Dixie Chicks still don't get it

Some bloke from the Daily Telegraph has a sit down with the Dixie Chicks, to see how their Bush-bashing, country-fan slamming remarks have affected their careers, three years on.

It seems, how shall I say this, that the Chicks are doing everything possible to further alienate the fans that made them one of the top acts on the country music scene. Check out the opening 'graph of the profile.

Will it be the salmon teriyaki with organic greens, or asparagus tempura and tuna sashimi? As the waiter hovers with pencil poised, the Dixie Chicks debate the menu with the practised air of professional restaurant critics. The Chicks have traditionally been branded a country band, but clearly it's some time since their diet consisted of ribs, tacos and pancakes.

'Cause country fans don't like nothin' that ain't battered an' deep fried. Corndogs an' Bud is whut a body needs. Yee-haw!

Sisters Emily Robison and Martie Maguire project a polished Fifth Avenue elegance, and vocalist Natalie Maines is a vision of sculpted cheekbones and smoky eye-shadow.

With their origins as bouffant-haired ingénues playing bluegrass music long forgotten, the Chicks are in Miami to attend a Sony BMG conference, where their new album, Taking the Long Way, is high on the corporate agenda. It's their first release since the group weathered the storm of outrage triggered by Maines's expression of shame that President Bush was from her home state of Texas. Although they've sold 30 million albums, the company was concerned about their commercial future.

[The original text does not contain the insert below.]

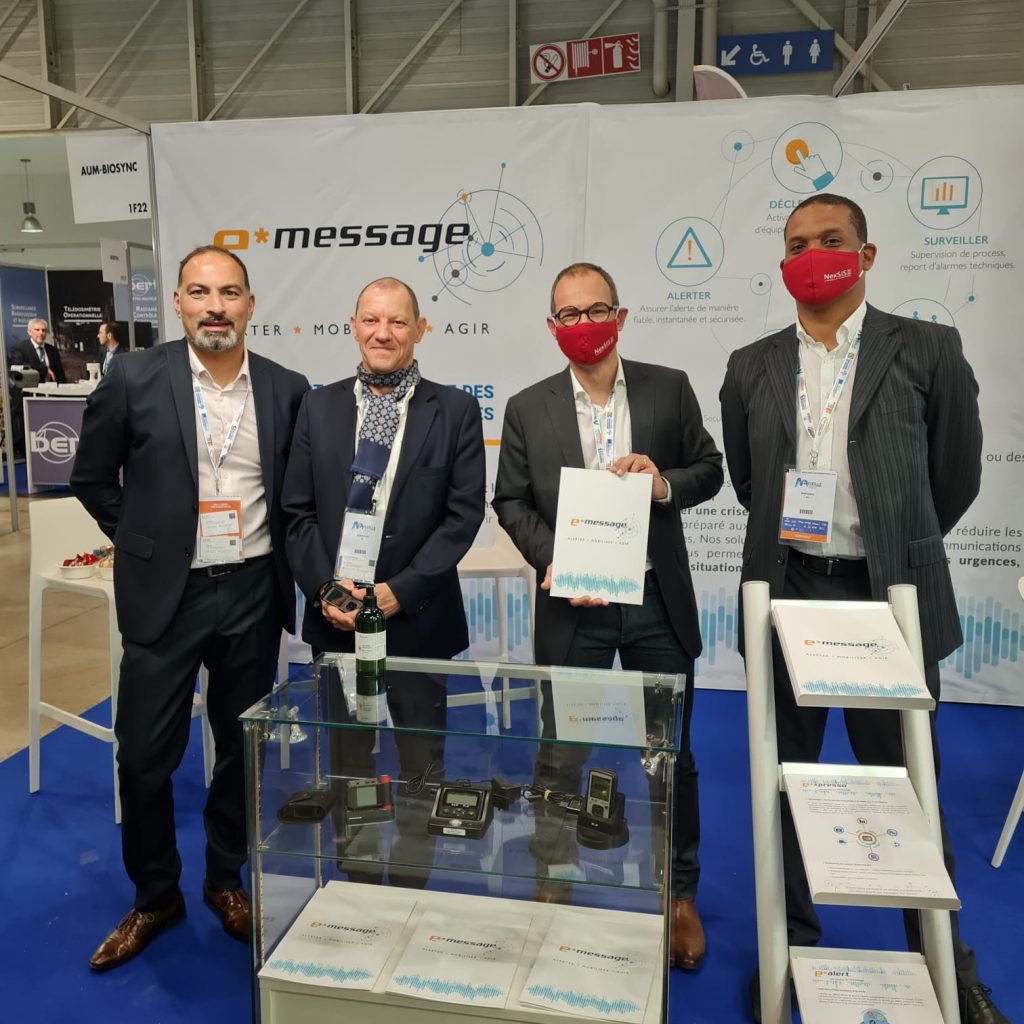 stand e*message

When Maines made her comment on March 10 2003, 10 days before Operation Iraqi Freedom unleashed "shock and awe" over Baghdad, the Dixie Chicks were probably the biggest act in country music. Yet within days, their music vanished from the charts and the airwaves, apoplectic rednecks crushed piles of their CDs with tractors, and the FBI was feverishly monitoring death threats against the trio. It was the most heinous pop-star outrage since Ozzy Osbourne urinated on the Alamo.

Did that Brit really say that country fans were climbing on their tractors? To indulge in vein-bulging hate crimes against CDs? Now that's funny.

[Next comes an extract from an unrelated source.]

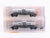 N Scale Micro-Trains MTL 65072 TCX Texaco Single Dome Tank Car 2-Pack Sealed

"The reaction was as if Natalie had said 'Death to the President' or something," says violinist and vocalist Maguire.

"It was the bullying and the scare factor," shudders banjo and guitar player Robison. "It was like the McCarthy days, and it was almost like the country was unrecognisable."

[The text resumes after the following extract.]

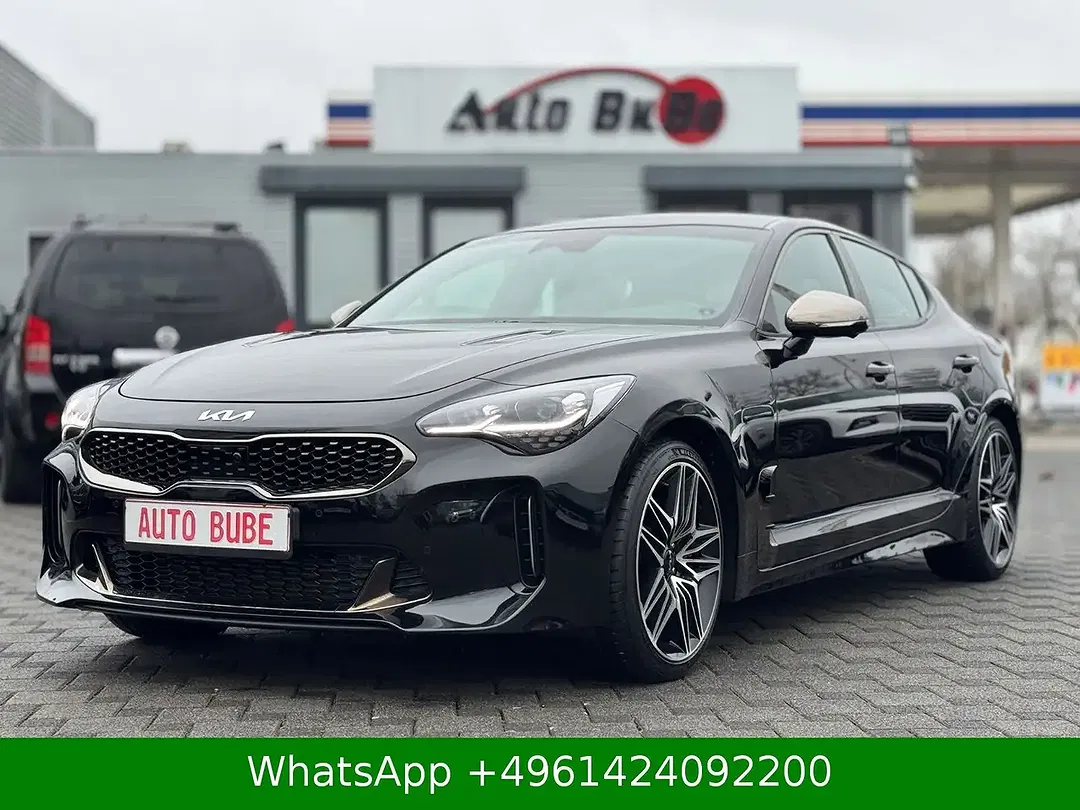 Kia Stinger 4WD GT - foto 1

The level of debate can be gauged from the way Maines was compared to "Hanoi Jane" Fonda, who was photographed manning a North Vietnamese anti-aircraft gun at the height of the Vietnam war.

My God! People criticized the Dixie Chicks! Stopped buying their CDs! Exercised their First Amendment rights to express disagreement with their politics! It's exactly like the dark days of the McCarthy-era blacklist.

The Chicks can't hide their disgust at the lack of support they received from other country performers. "A lot of artists cashed in on being against what we said or what we stood for because that was promoting their career, which was a horrible thing to do," says Robison.

As opposed to kissing Brit ass while touring in the U.K., or sucking up to the rock and roll crowd -- not a flag-waving bunch -- to sell your music.

"A lot of pandering started going on, and you'd see soldiers and the American flag in every video. It became a sickening display of ultra-patriotism."

"The entire country may disagree with me, but I don't understand the necessity for patriotism," Maines resumes, through gritted teeth. "Why do you have to be a patriot? About what? This land is our land? Why? You can like where you live and like your life, but as for loving the whole country… I don't see why people care about patriotism."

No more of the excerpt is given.